Whatever your choice of sake, the range of flavours is almost as rich as its thousands of years of history

Tomorrow is Nihonshu no Hi, or World Sake Day, the Japanese rice booze that’s brewed a bit like beer yet behaves more like wine.

The first time I tasted sake was in Tokyo, sipping from a square wooden masu cup. These days, I enjoy my sake from a wine glass, to bring out its delicate aromas and flavours. In fact, many of the examples I’ve tipped this week are comparable to wine in their level of alcohol, and are stunning served between 5 and 10C. If you open a bottle, you don’t have to sip it all at once – most sake will keep for a week or two in the fridge.
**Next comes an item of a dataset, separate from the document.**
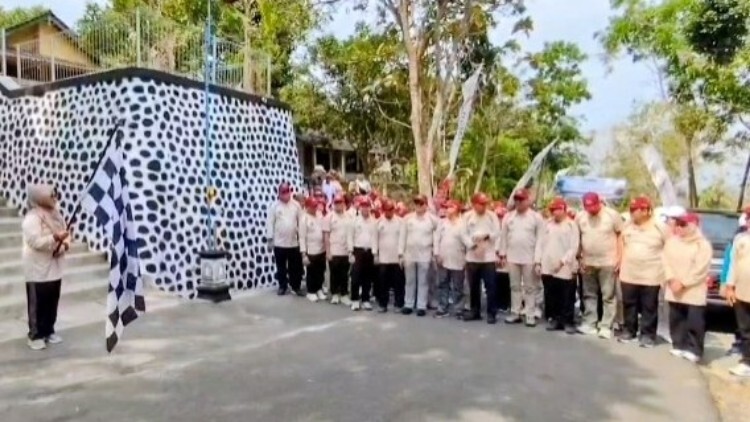 Peserta napak tilas Ngunut–Parang menempuh rute 15 km di Magetan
Sashimi and sushi fit hand in glove, but pour sake with pork chops, alongside ceviche, with melted cheese or mushrooms on toast and be amazed. And you don’t have to travel to Japan to get your hands on the good stuff. At a recent event with Sake Samurai, my top bottle of the night was Daiginjo Genshu Tenpyo Tosatsuru Sake, which you can find on Amazon for £48.95 (17.5%, 500ml). Many drinks shops stock sake, or hunt online via japancentre.com. Sake is even being made here in the UK. Kanpai Sake set up in 2016 by Tom and Lucy Wilson has a ‘nanobrewery’ in Peckham, and look out for the new Dojima Sake Brewery in Cambridgeshire.

Whether sparkling, cloudy, unpasteurised or pristine as a mountain brook, the range of flavours is almost as rich as its thousands of years of history.